Ks. Tomasz Lewniewski, proboszcz kazimierskiej fary i samorząd mieszkańców Kazimierza Dolnego chcą odzyskać figurkę Madonny wyrzeźbionej w 1420 roku. Przed drugą wojną światową rzeźba stała w kościele farnym.
– Jest to duża niesprawiedliwość, że dotychczas nie udało nam się jej odzyskać. Przez tyle wieków wspomagała naszych mieszkańców, była otoczona kultem. Nie powinna stać w muzeum, tylko wrócić na swoje miejsce – mówi ks. Lewniewski. – Chodzi nie tylko o wymiar artystyczny, ale również sentymentalny.

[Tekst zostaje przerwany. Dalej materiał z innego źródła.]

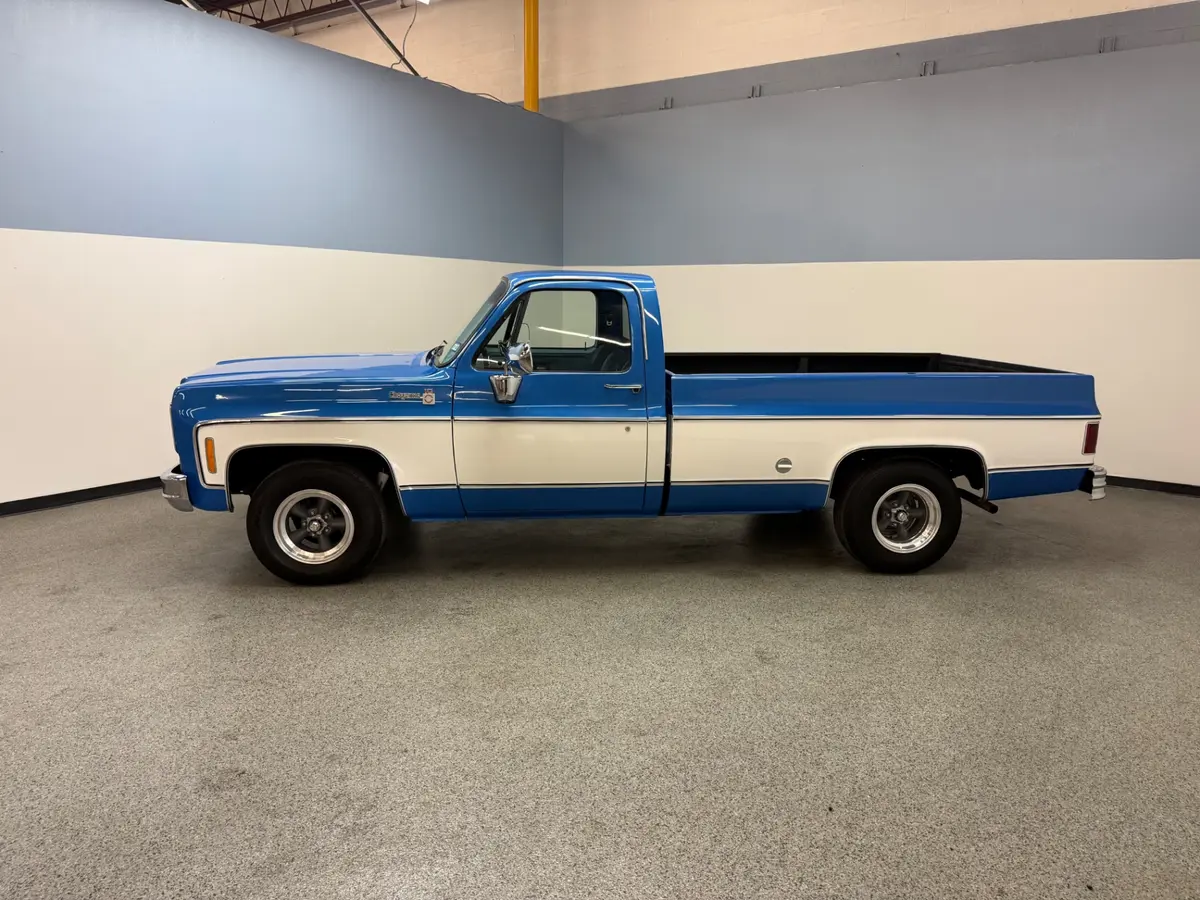 Vehicle photo 3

W latach 30. figurka została wypożyczona na wystawę polskiej sztuki gotyckiej, która odbywała się w Warszawie. – I nie wróciła już do fary – mówi Romana Rupiewicz, przewodnicząca samorządu mieszkańców. – Samorząd wspiera parafię w jej działaniach. Tym bardziej, że mieszkańcy chcą odzyskać figurkę, która ma ogromną wartość artystyczną. Mamy pełną dokumentację potwierdzającą, że rzeźba jest własnością parafii.

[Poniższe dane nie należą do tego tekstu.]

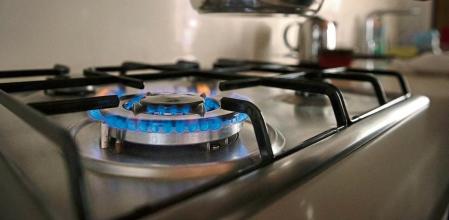 Cocina con gas natural, llama de gas, fogón a gas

Obecnie figurka jest w Muzeum Narodowym w Warszawie. – Muzeum nie chce jej zwrócić. Tłumaczy to tym, że jest ona wpisana do inwentarza Skarbu Państwa. Decyzję o jej wypisaniu może podjąć tylko minister kultury – zaznacza Rupiewicz. – Dwa tygodnie temu proboszcz skierował pismo razem z dokumentacją dotyczącą figurki do ministra. Czekamy na odpowiedź.